With silence I am exploring an apophatic way of being. Such a way of being demands the pursuit of kenosis – an emptying of one’s self in order to be totally receptive to the divine in a way that is beyond knowing. This is not something I can adequately explain except to say that if cataphatic spirituality is about encountering God in the space that is, then apophatic spirituality is about encountering God in the space that is not… that empty expanse. But there the language falls short, as it’s not about encountering God where the word ‘encounter’ denotes some kind of tangible experience.

To give it some sense of decent explanation, I like these words from another blog:

God is so big that we can’t get our heads round the divine nature because there’s more of God than we can fit in our heads. God is so other than none of the words we have can be used to describe the thing that God is because they all come from the names for things that God is not. All of our language is creaturely, and God is not a creature. All of our language is finite, and God is not finite. And so, language fails: hence, apophatic theology, which is really about arriving at the point of theological silence.
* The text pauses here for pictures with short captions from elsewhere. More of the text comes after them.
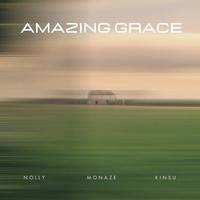 Amazing Grace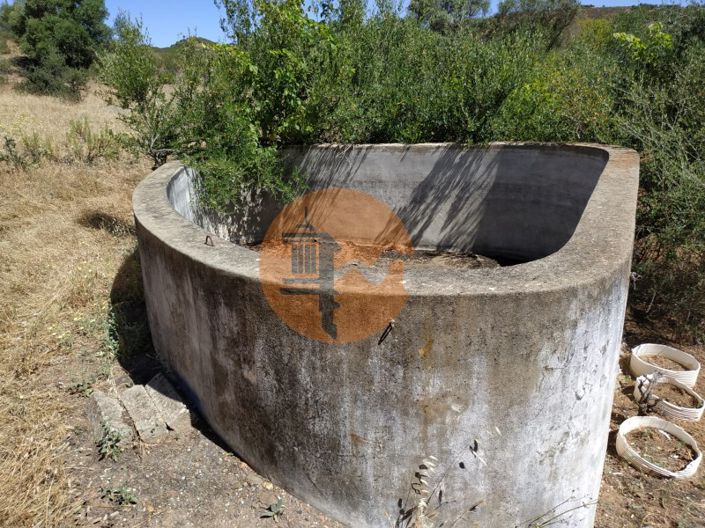 Image No.31-Maison de 4 chambres à vendre à Castro Marim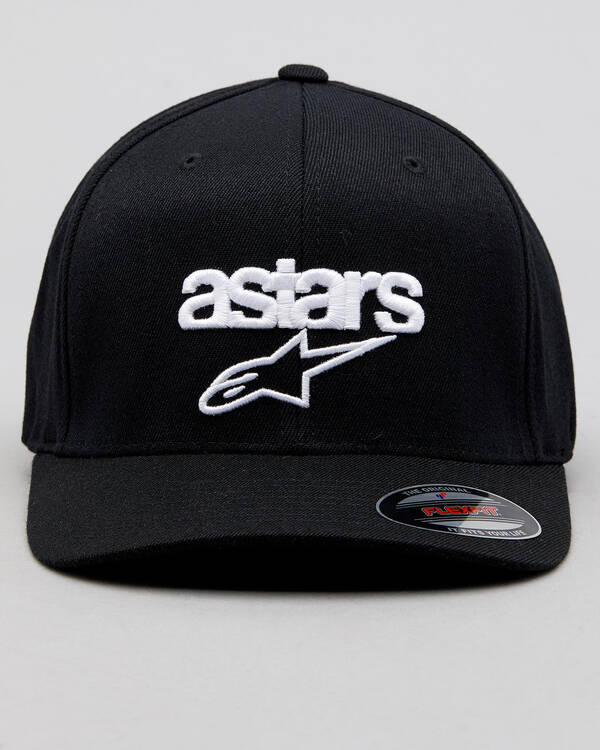 Alpinestars Heritage Blaze Cap for Mens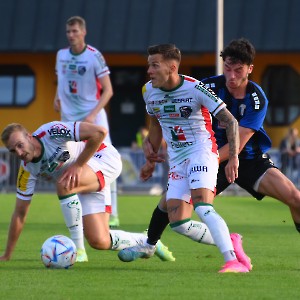 FC Kufstein - RZ Pellets WAC (22.07.2023)_7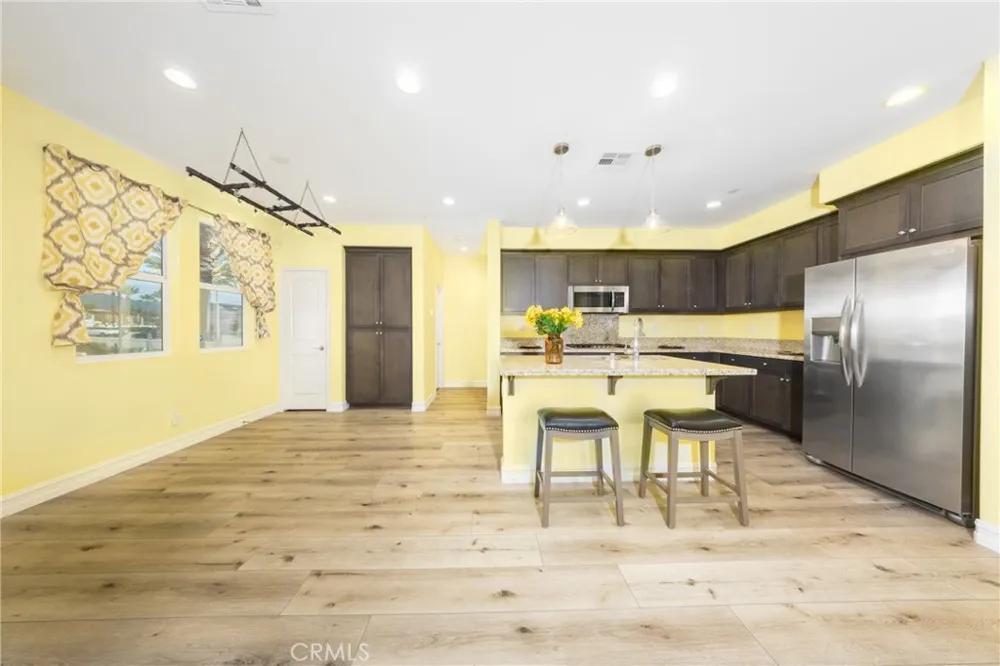 7358 Luminaire Rancho Cucamonga, CA 91739
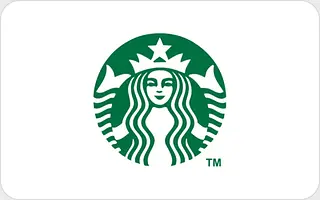 Starbucks - DE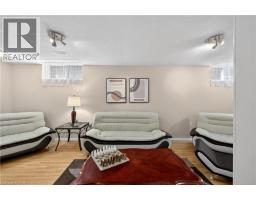 91 FLAHERTY Drive - 22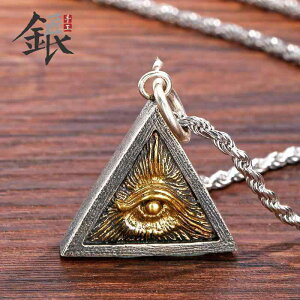 Y ANZT[ S925 X^[OVo[ y_g Vo[  i zX lbNX g Vo[ qbv zbv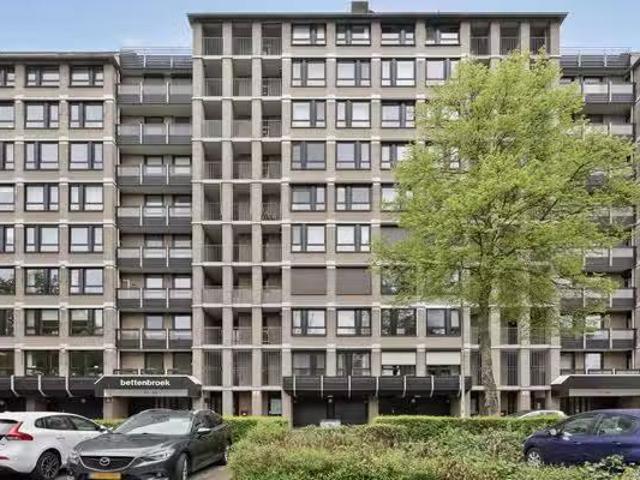 Woning te koop in Woensel-Zuid, Noord Brabant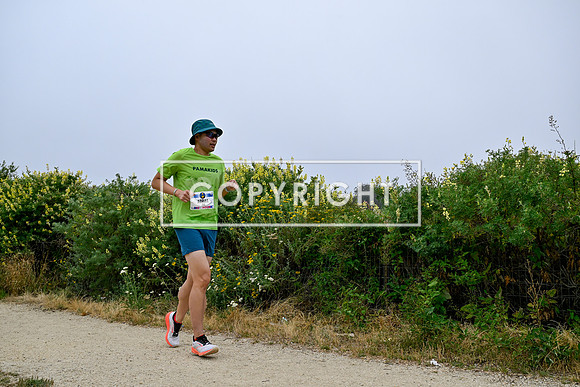 CoastalSFHalfDay2026-261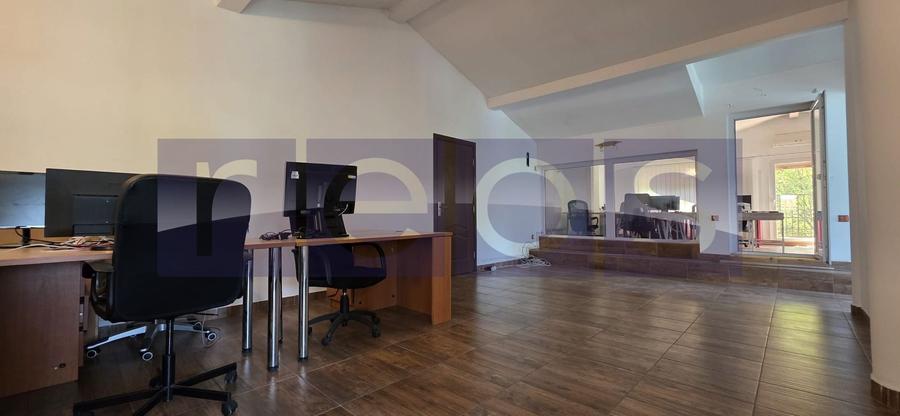 VANZARE CASA 7 CAMERE | PISCINA ACOPERITA | ZONA VATRA LUMINOASA - 6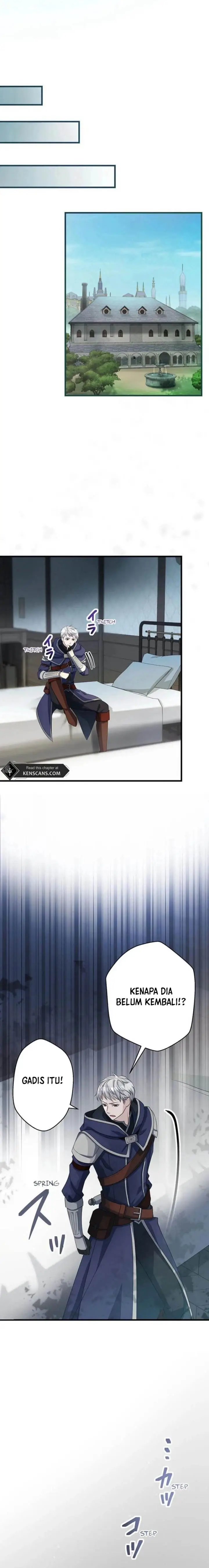 image-komik-gaiaku-ane-to-ketsubetsu-shimasu-chapter-23-20/31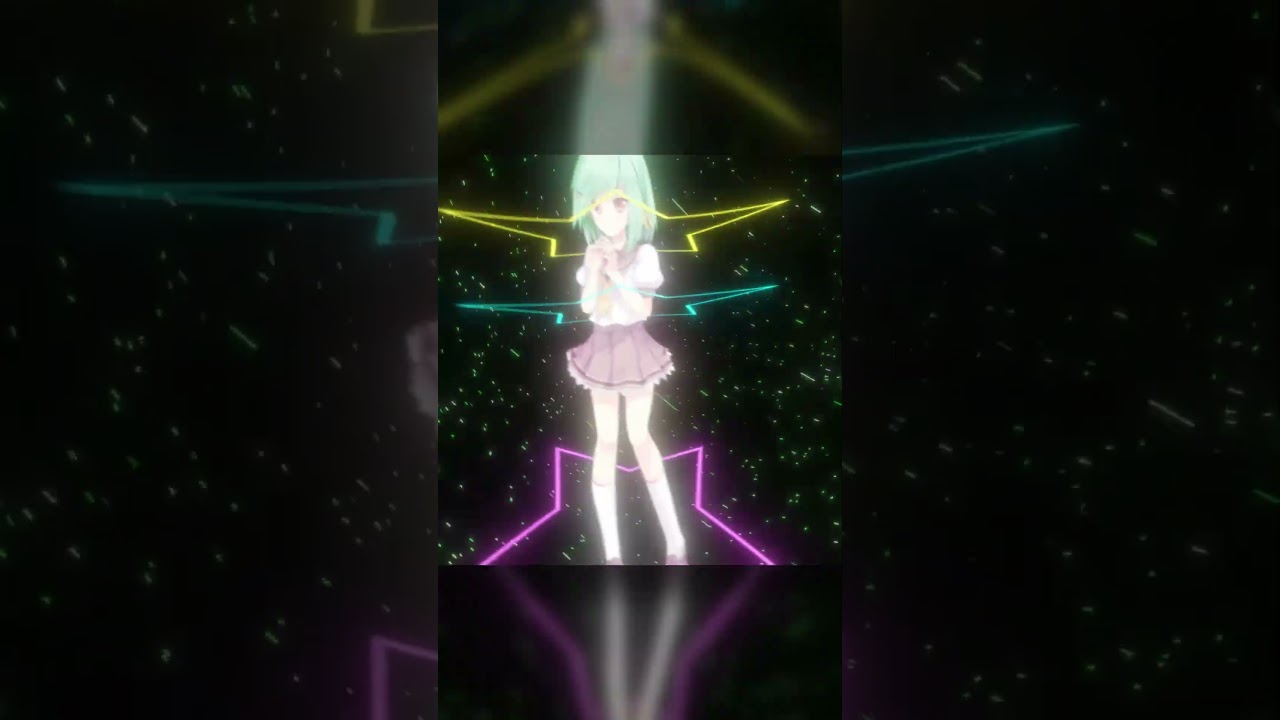 sosala - lida x skurt #edit #lida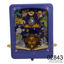 Imagen de PINBALL ANIMALITOS 6.26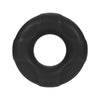 Forto 21mm 100% Liquid Silicone C-Ring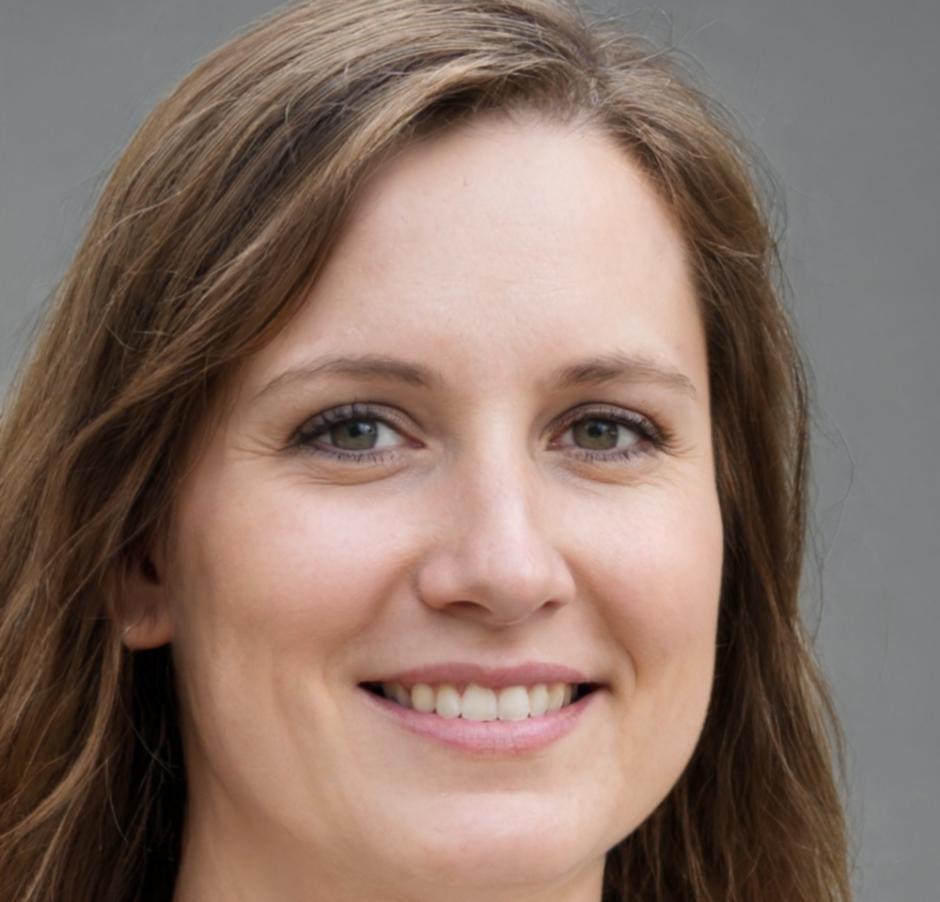 UX engineering specialist and mentor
And the paradox here is that it’s only then, when we’re standing in the ruins of all our beautiful words, that we really see God, in what Dionysius the Areopagite calls ‘the brilliant darkness of a hidden silence.’

Using this to describe where I’m at with the apophatic I would say that I’m going through the process of everything being ruined – all those beautiful words and things I have constructed being brought down around me and it is very unsettling, but at the same time it feels right. Rather than working against or in contrast with the cataphatic spirituality in my life, it will compliment it. This is where Christian spirituality and the Christian mystic traditions differ from things such as Buddhism. Where the latter seeks an emptiness that ultimately discards reality or moves one beyond it, both the apophatic and cataphatic traditions recognize that there is an ultimate seat for reality, God, and that God is known through the person of Jesus but also helps define reality by being beyond it and therefore He is also unknowable. The two, apophatic and cataphatic spirituality, help us enter both.

With all this in mind and to finally come back to the answer – in my practice of apophatic silence I do not seek or want to be enlightened about myself, life or the world. I do not desire a sense of achievement; I don’t have measurable goals for it or ways to define success. If that is to take place anywhere, it happens in my cataphatic practices. I’m not after answers to anything in the silence. In the silence I just want to be exactly that – silent and still. I want to be nothing before an almighty God beyond my comprehension. I want to be a grain of sand that gets placed within the desert that is Him – immeasurable, impossible to navigate, going on forever and ever. It sounds blissful, but the process towards becoming truly still is hard work. Right now I am finding a sense of assurance in that what I am experiencing seems to be part of the journey of the contemplative life. The Cloud of Unknowing would describe my current experience of self realization as the path of imperfect humility, which could be considered a door to something else.

And I realize as I write this that it is impossible to explain my morning times. None of the above explanation properly gets there… hopefully it gives a glimpse though. At some point I may explain what acted as a catalyst for getting to this place.